A few situations where it's worth investigating further: a noticeable change from your prior baseline (you used to score 250, now you score 350 consistently), or scores in this band after starting a new medication. If you've noticed a meaningful change in your own everyday function alongside the test result, that's worth a conversation with a doctor β€” not because this test is diagnostic, but because your own observation is the real signal.

In every other case, the right move is to take more attempts under different conditions before drawing conclusions. Test in the morning on good hardware after at least 7 hours of sleep. Take 10 attempts and look at your average, not your best or worst. If you're still in the 320-380 range under those conditions, that's a real but not alarming baseline. If you drop to 250-280 under good conditions, your "real" reaction time is just below average β€” and the test you took before was capturing fatigue or distraction, not underlying ability.

For most people, the answer to "is 350 ms slow" is "it's below average on paper, but probably not your real reaction time." Test better before training harder.

Where 350 ms falls

Your score
350 ms
Tier
Below Average
Elite threshold
180 ms
Fast threshold
220 ms
Average threshold
280 ms
Estimated percentile
1%
Take the Reaction Time Test

Frequently asked questions

Should I be worried about a 350 ms reaction time?

Not on its own. A single below-average reading often reflects fatigue, distraction, mobile testing, or unfamiliarity with the test β€” any of which can add 30-100 ms. Test 10 times under good conditions before drawing conclusions. The reading-from-this-test is rarely diagnostic of anything; if you've noticed a meaningful change in your own everyday function, that's the signal worth taking seriously, not a single browser-based score.

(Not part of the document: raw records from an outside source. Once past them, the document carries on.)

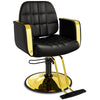 New Stylist Chair BS-166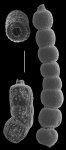 Euthymonacha polita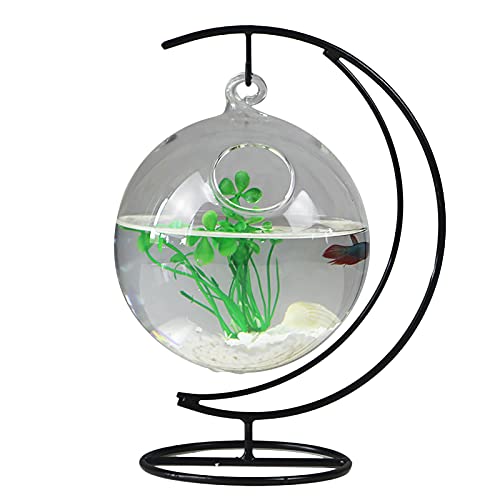 RNCOZE Schreibtisch-Hängeschale mit Ständer, Mini-Tisch-Aquarium-Glas, Betta Fischschale, durchsichtige Pflanzenterrarium für Zuhause, Büro, Garten, Dekoration, A1 von RNCOZE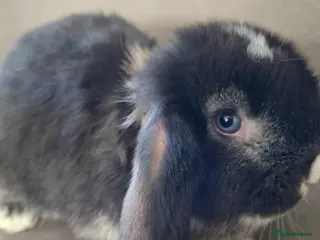 French Lop rabbits Pure bred French Lop babies - Advert 9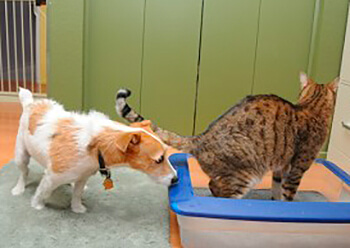 Cause possible de malpropreté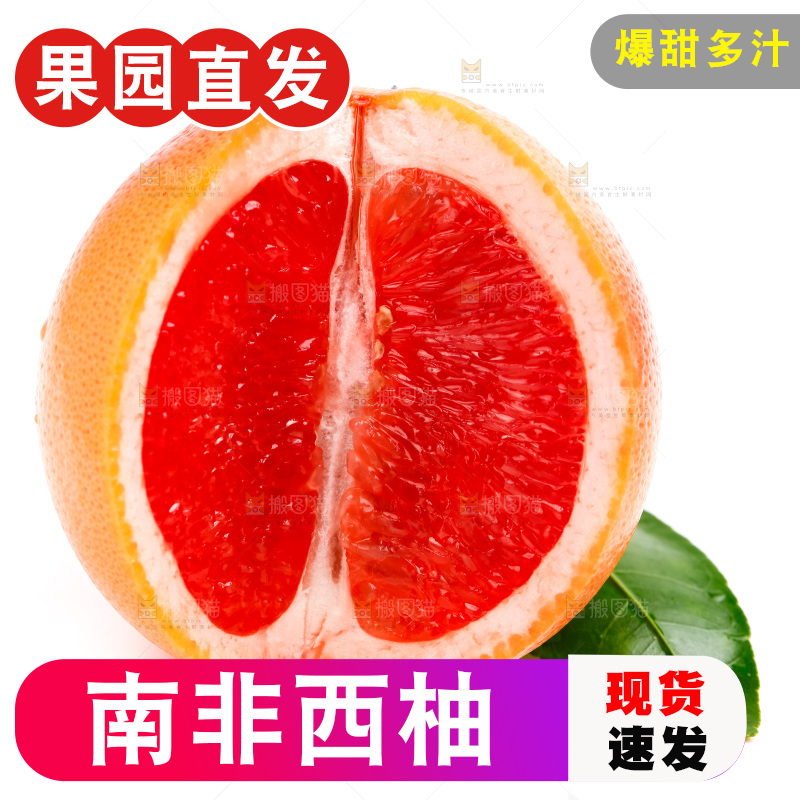 白底上摆放着南非西柚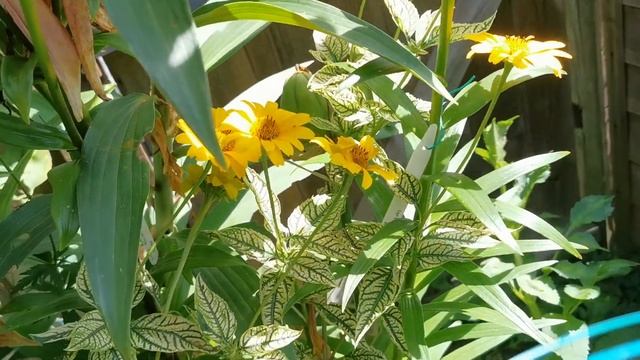 Heliopsis Helianthoides Sunburst, One Of The Most Beautiful Variegated Foliage Hardy Garden Plants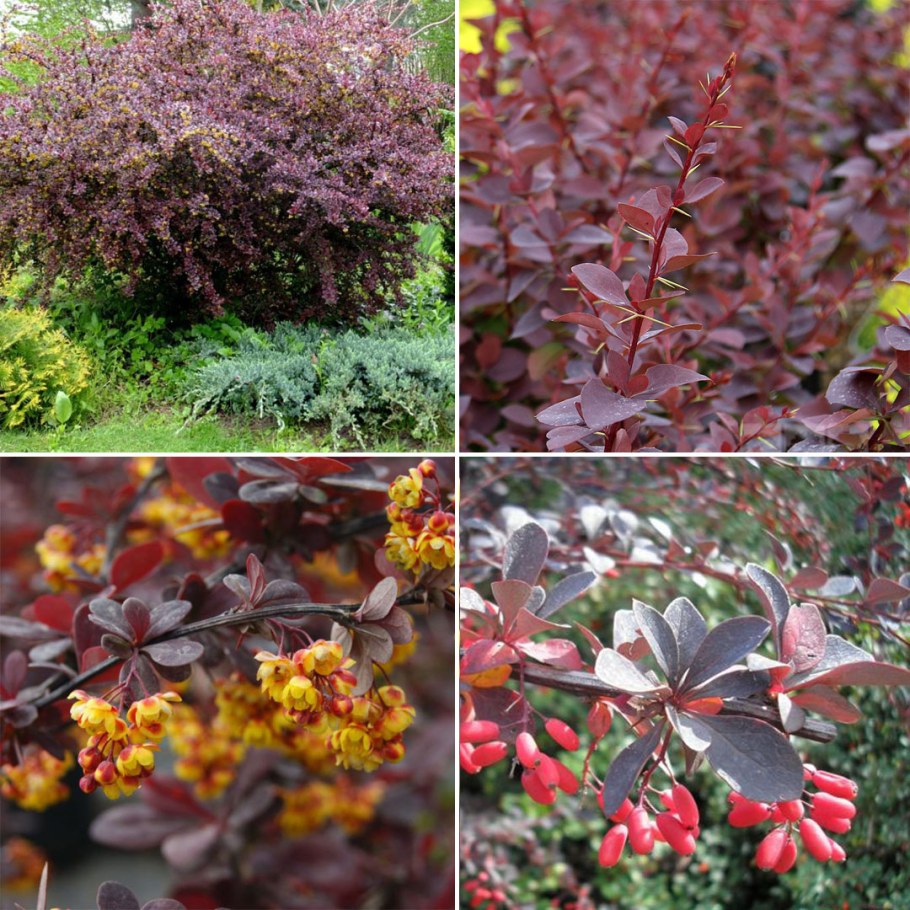 Барбарис оттавский Суперба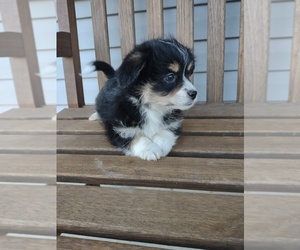 Pembroke Welsh Corgi-Poodle (Miniature) Mix Puppy for sale in LEBANON, MO, USA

Is reaction time worse in older adults?

Yes, modestly. Reaction time slows by about 5-10 ms per decade after age 25, with the decline accelerating after 60. A 55-year-old scoring around 320-330 ms is roughly age-appropriate. The decline isn't dramatic in any single decade but compounds over time.

Why is my reaction time slower than I expected?

The most common reasons: testing on mobile or a trackpad (adds 30-60 ms vs. wired mouse on desktop), testing while tired or distracted (adds 30-50 ms), being new to the test format (adds 20-40 ms before you stabilize), or testing at a low-energy time of day. Try again on desktop, in the morning, after coffee, with no distractions, and compare.

Can I improve below-average reaction time with practice?

Yes, often substantially. Most below-average scores in the 320-380 ms range can be improved to 270-300 ms with 50-100 attempts spread over a few weeks, primarily by learning the test's rhythm. Past that, the gains slow significantly. The biggest single-attempt improvements usually come from better hardware and being well-rested, not from training per se.